About this task ▸ Pictures must not appear in the copy. Restate exactly the lines below from the one with "126 Sturbridge Drive Georgetown KY 40324" through the one with "Duplex Apartment in Poznan by Renters", inclusive.

Available data ▸
....

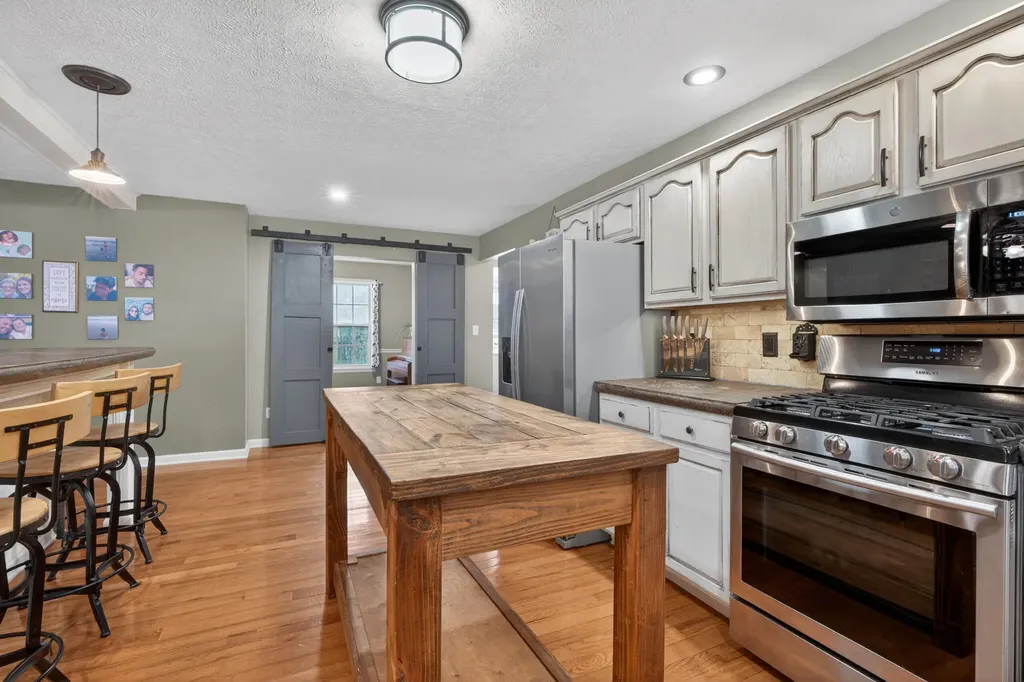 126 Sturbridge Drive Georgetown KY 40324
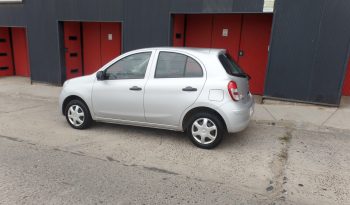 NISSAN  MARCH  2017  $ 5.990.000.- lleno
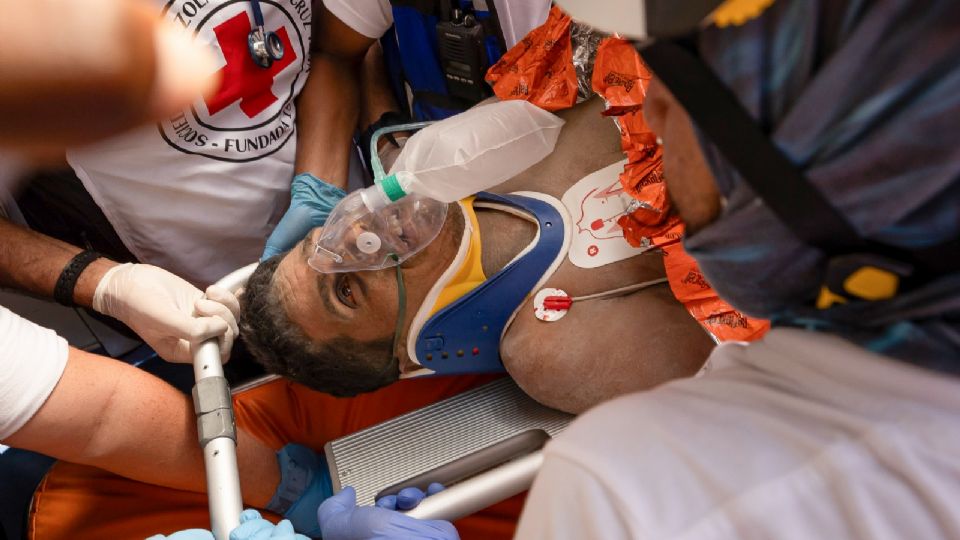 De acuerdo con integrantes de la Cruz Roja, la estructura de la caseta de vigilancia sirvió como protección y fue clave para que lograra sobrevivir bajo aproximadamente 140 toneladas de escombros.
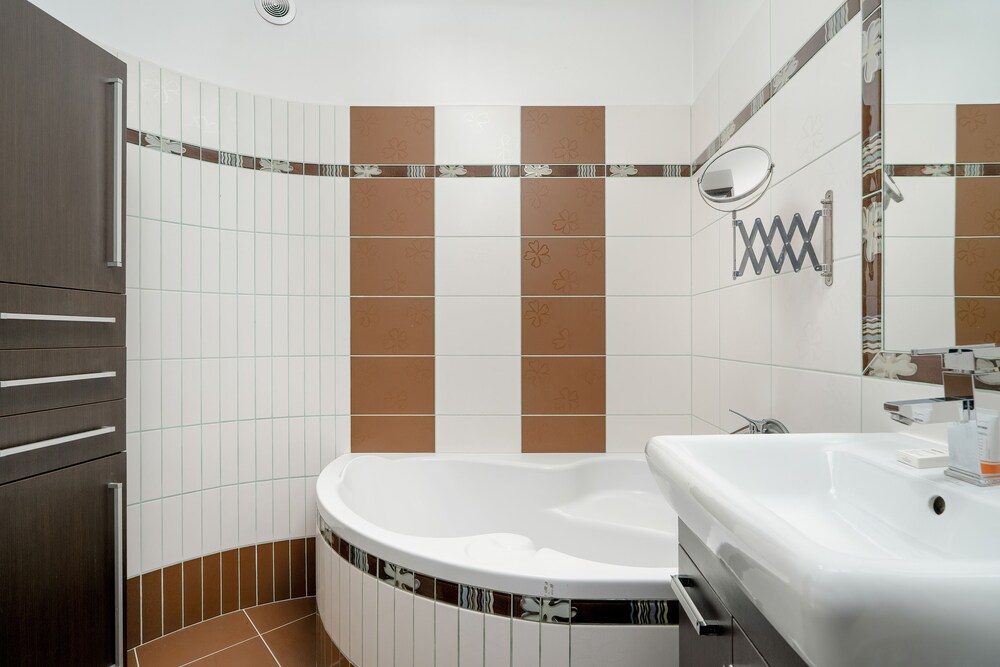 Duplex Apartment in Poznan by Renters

....

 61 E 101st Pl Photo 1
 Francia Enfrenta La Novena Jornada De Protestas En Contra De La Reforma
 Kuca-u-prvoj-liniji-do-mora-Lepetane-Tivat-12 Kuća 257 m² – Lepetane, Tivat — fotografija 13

....

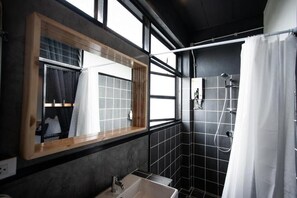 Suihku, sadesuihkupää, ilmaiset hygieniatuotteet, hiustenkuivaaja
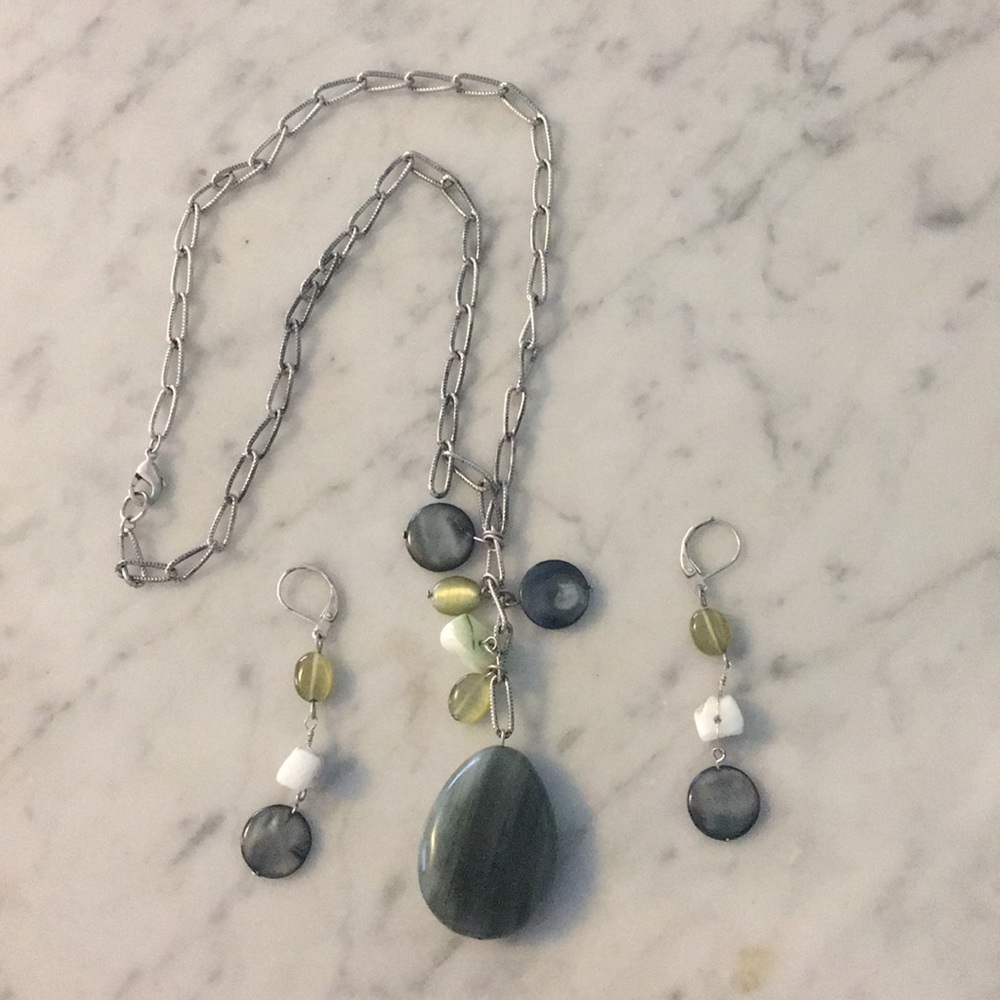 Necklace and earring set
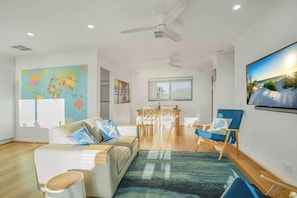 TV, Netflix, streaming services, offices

....

Worked solution ▸
 126 Sturbridge Drive Georgetown KY 40324
 NISSAN  MARCH  2017  $ 5.990.000.- lleno
 De acuerdo con integrantes de la Cruz Roja, la estructura de la caseta de vigilancia sirvió como protección y fue clave para que lograra sobrevivir bajo aproximadamente 140 toneladas de escombros.
 Duplex Apartment in Poznan by Renters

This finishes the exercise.